▶ PROVIDED DATA:
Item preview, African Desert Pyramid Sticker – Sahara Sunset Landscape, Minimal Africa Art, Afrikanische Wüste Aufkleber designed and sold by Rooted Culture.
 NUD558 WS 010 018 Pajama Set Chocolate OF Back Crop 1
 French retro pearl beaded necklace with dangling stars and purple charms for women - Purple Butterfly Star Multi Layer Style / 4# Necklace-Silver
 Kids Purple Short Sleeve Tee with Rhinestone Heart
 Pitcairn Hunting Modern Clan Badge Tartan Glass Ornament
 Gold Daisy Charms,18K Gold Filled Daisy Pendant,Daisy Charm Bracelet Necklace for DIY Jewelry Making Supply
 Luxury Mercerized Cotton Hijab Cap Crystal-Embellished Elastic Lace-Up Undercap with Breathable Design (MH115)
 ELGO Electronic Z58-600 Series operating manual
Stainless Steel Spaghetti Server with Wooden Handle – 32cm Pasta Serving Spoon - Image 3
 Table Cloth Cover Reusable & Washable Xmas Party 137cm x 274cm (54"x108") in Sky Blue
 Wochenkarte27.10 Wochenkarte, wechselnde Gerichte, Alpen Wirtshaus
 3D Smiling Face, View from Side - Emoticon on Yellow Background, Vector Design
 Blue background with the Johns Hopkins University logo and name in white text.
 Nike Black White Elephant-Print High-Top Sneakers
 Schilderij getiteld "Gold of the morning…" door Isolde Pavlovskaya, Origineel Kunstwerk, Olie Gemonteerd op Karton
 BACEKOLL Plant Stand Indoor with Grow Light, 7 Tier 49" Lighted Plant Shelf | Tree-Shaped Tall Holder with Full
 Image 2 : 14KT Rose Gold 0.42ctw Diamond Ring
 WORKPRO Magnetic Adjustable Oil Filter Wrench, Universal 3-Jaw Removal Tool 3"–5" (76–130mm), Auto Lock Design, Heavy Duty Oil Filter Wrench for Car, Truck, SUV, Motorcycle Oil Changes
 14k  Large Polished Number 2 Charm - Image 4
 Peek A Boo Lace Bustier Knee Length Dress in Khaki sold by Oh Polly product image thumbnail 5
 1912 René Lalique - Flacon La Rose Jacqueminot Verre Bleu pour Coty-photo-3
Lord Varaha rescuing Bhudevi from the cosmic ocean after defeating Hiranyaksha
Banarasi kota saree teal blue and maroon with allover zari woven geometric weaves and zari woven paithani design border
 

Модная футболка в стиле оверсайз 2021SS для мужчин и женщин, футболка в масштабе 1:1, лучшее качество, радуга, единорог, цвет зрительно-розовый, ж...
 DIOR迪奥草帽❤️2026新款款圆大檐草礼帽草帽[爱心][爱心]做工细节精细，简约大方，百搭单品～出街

▶ PROBLEM TO SOLVE: Whenever the word "from" occurs in a line above, copy that line.

▶ ANSWER FOR THIS EXERCISE:
 3D Smiling Face, View from Side - Emoticon on Yellow Background, Vector Design
Lord Varaha rescuing Bhudevi from the cosmic ocean after defeating Hiranyaksha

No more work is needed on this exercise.